I set up in the new spot three days in a row at the same time each afternoon, and the clouds I painted were there on the first day. The first day I came away with what looked like an unfinished underpainting sketch. The second day I turned it into the ultimate in banal mediocrity, truly awful, laden with superfluous detail; it fairly screamed "Bleah!" The third day I attacked it with a larger brush and the intent to loosen it up, make more of the larger shapes, and force myself to go faster so I didn't overwork any of it. Ta-da! Success! It came back to life with a sigh of relief.

But when I looked at it again in the studio, there was a problem—the sky and the ground looked like two separate, unconnected paintings. It took me a couple days to figure out that it was a color issue. I had painted the clouds pure white because that's how they'd looked early in the afternoon when I started on the first day. But by the time I got around to painting the house and trees, I was seeing warmer, late afternoon light on the house, and trying to get the fall colors in the trees. So the sky looked cool, but everything else looked warm. In the studio, I painted over the clouds with the same pale yellow of the house, and that pulled the two parts of the painting together like a good zipper—it was one image now. But the next day I wasn't quite happy with the yellow; I was unable to recall ever having seen pure yellow clouds. So I tried pale yellow orange, and after I did the clouds, I used the same color to warm up the house a little bit. And that seemed to finally do it.

Clouds #12
I tried one more little cloud painting that week, this time on an 8x10 canvas panel. It was an exceptionally beautiful bunch of clouds—for about 3 minutes—then a huge gray mass blew in from the north to cover the whole sky, and it began drizzling. I took shelter under my woodshed overhang and kept trying to paint what I thought I had seen. Fortunately, I had my camera with me and had taken a shot right before I started painting. When I got back in the studio and looked at the photo, I hadn't even come close to getting the cloud shapes, so on the next day while it was raining, I tried doing a studio painting over the same panel from the photo. Like the other plain air painting above, it was awful. I tried two different color schemes for the clouds, and they were even worse. So I decided (a) it was too detailed, and (b) I'm no good (at least not yet) at making up cloud color schemes. I searched through my photos for an authentic color source for the clouds and, again, took a larger brush and worked over the painting as fast as I could, not worrying about the brushstrokes but just trying to get the colors and values right. Again, that approach gave me a much better painting. Not great, but not awful, either.

Monday, October 7, 2013

A Big Sunset

Winter Sunset

Last week I was working inside for a few stormy days. I've had a big figure study sitting on my easel for about a year that I finally gave up on, and decided to see if I could have fun painting a big cloud painting on it instead. The reference was a photograph I got early last winter of a particularly colorful sunset, taken from here in my yard.

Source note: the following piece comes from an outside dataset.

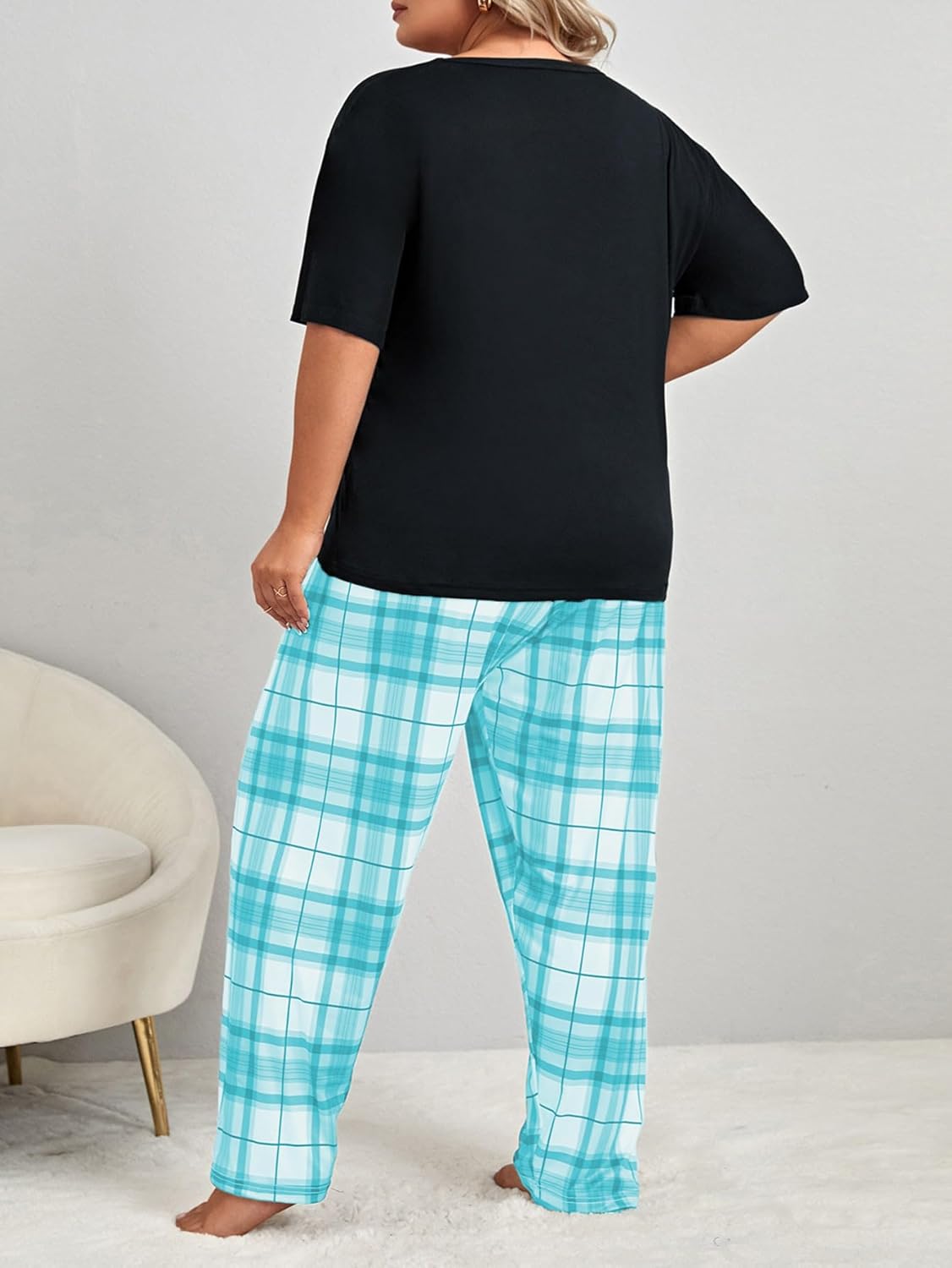OYOANGLE Women's Plus Size 2 Piece Pajama Set Short Sleeve Shirt with Long Pajama Pant - Image 2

I did have a lot of fun painting it, because thanks to my back-yard cloud painting this summer I was able to keep it loose and relaxed. I worked on it for three days and spent a fair part of that time working out the landscape at the bottom. I wanted to have it create a setting for the view without competing or conflicting with it. This was the most vibrantly colored sunset I've ever painted, and it was fun working out how to get the right colors. When looking at the darks of the clouds in the photograph, I at first thought they had violet in them, but when I carefully analyzed them, I found out I could most closely match them with a mix of Napthol red and medium gray. That was a surprise. I never used grays much before I started doing clouds this year. Turns out they're pretty useful.

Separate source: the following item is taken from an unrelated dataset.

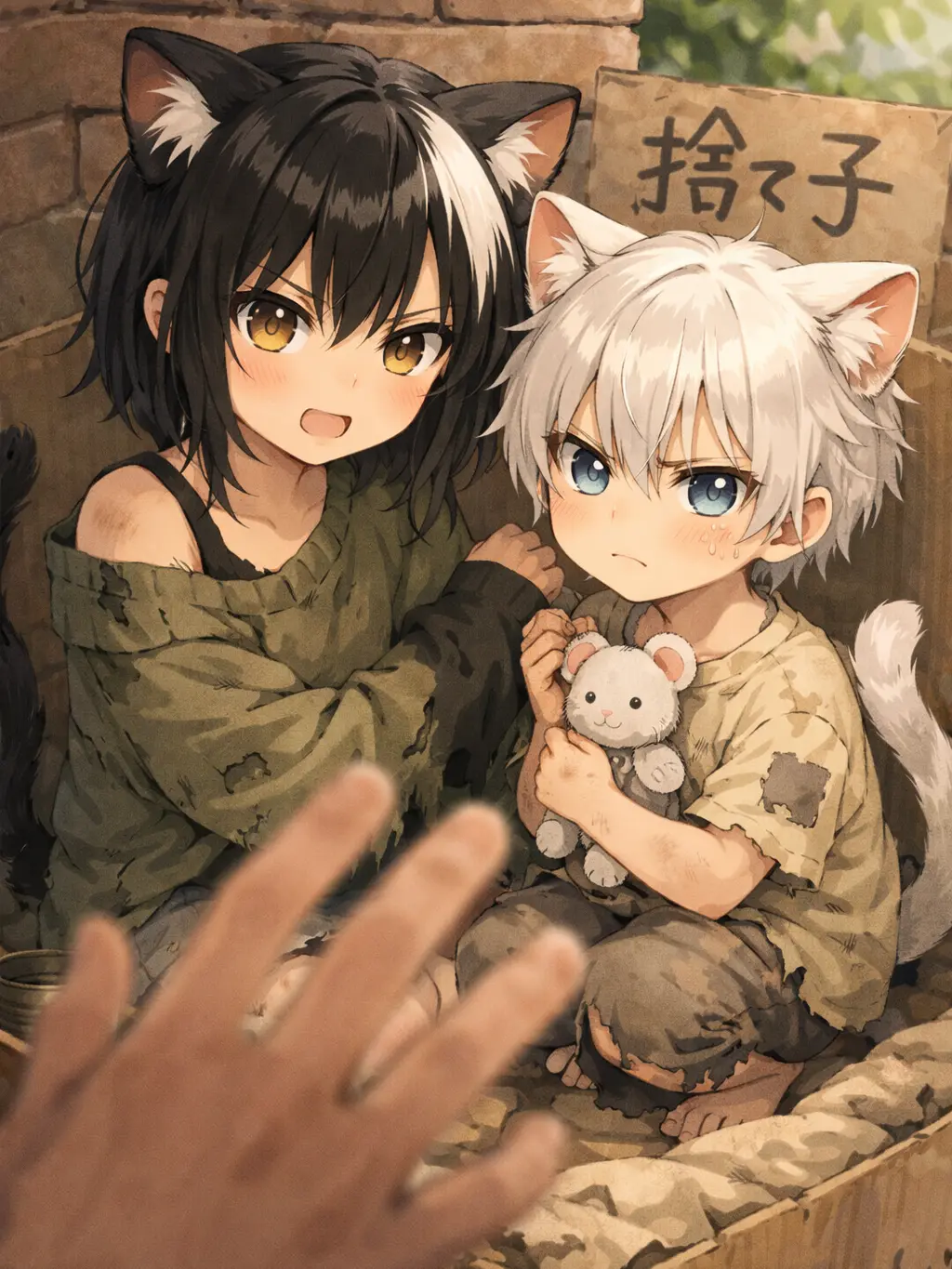 DullPansy4227의 捨てられてしまった擬人化した子猫姉弟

I spent most of this last weekend expanding and improving my Etsy shop. I've put up almost all my available works, from my small matted landscapes to my big ink abstracts. For now I'm focusing on my paintings, and I'll be adding more as I complete more works and figure out how I want to ship the large stretched canvases that I have. I'm not doing much with glass for now, but as I do more of the mobiles this winter, those will go up there too.

Saturday, September 28, 2013

Back in the studio


The rains have arrived and I'm back to painting inside. It's pretty windy out there too, right now. There may be more painting weather the end of this week, but for now it's back to the studio. This one is from a photo of the phlox at the height of their bloom in August. They lean against the veggie garden fence to get as much of the east-side sun as possible.

I worked on this one a couple of sessions, and tried to keep it as loose and relaxed as possible.



Sunday, September 22, 2013

A fantastic cloud-painting day

What a day it was yesterday! We had a good little rain at lunchtime, then mixed clouds and sunshine through evening. I went out with my paints at 4:30 and the clouds looked good, so I made a cloud painting.

Clouds #9

Just as I was finishing it, the clouds went into a more beautiful arrangement. I thought, why not? and took the first one up to the house and started a second.

Clouds #10

And when I finished that one, they were even more dramatic, so I went on to a third. I could tell I was getting tired by then, this one looks more imaginary.

Clouds #11

After I finished the paintings, the light was going dim but the sky was still bright and the clouds were gleaming gold. I stayed down in the garden, picked some fruit, and walked the fence, taking photographs as the evening came.

This morning I'm thinking about how the good one happened, and it’s all so uncontrollable. The only thing your thinking mind can do is set you up for success and then get out of the way. It’s how much paint you have on your brush, it’s the momentary, constantly changing mix of colors on your palette, and what sequence you make the brush strokes in. It’s all those things you can’t possibly keep track of, so you stop thinking, and just let your intuition guide you. And stop painting, the first moment you can, so you don’t ruin the good stuff you’ve made.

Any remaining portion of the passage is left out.